DSC director general Ron Chalmers … said an independent audit of Sunflower’s operations confirmed the complaints were accurate.

He would not detail the exact nature of the complaints, citing legal reasons, but referred to the quality of the accommodation and the “monitoring of vulnerable people, and how they were being treated”.

In a statement, the owners of Sunflower said the complaints were made by a single employee who had only worked there for one sevenhour shift.

Mr Chalmers said only four families remained at Sunflower and all the others had accepted help to be moved to different service providers.

http://www.abc.net.au/news/2016-11-10/doctors-are-‘too-quick-to-prescribe-drugs-to-dementia-patients’/8012610

A leading dementia expert is warning Australian doctors about the over-use of anti-psychotic medications.

Dr Al Power, the clinical associate professor of medicine at the University of Rochester, said the drugs were “almost totally over-prescribed”.

“I think anti-psychotics are what I would call the restraints of the 20th century,” he said.

There are an estimated 350,000 Australians with dementia.

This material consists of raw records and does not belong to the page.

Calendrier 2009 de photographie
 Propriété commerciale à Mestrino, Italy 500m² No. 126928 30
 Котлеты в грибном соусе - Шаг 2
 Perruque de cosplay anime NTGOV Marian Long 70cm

And Alzheimer’s Australia estimates up to 70,000 are taking anti-psychotic …[medications], yet only one in five receive any real clinical benefit.

Dr Power said doctors were over-using medication because of outdated medical training regimes, and busy workloads.

The number of people with dementia in Australia has been predicted to increase by about 30 per cent in the next five years.

Dr Power said doctors were too quick to prescribe drugs, rather than addressing the causes of anxiety and volatile behaviour.

http://www.abc.net.au/news/2016-11-10/first-sods-turned-jamie-larcombe-veteran-mental-health-facility/8012956

A new veteran’s mental health facility that will be opened under the State Government’s Transforming Health plan, will be named after a South Australian soldier killed in action.

Sapper Jamie Larcombe was killed in Afghanistan in 2011.

The $15 million Jamie Larcombe Centre at Glenside will replace ward 17 at the Daw Park Repatriation Hospital when that facility closes.

Sapper Larcombe was born on Kangaroo Island and joined the Australian Army in 2008.

He was deployed to Indonesia on a humanitarian mission following a major earthquake, and to Afghanistan as part of Operation Slipper.

It was there he was killed by a sniper.

The centre will include an acute inpatient unit, outpatient services and specialist services for post-traumatic stress disorder.

It is expected to be completed by the end of 2017.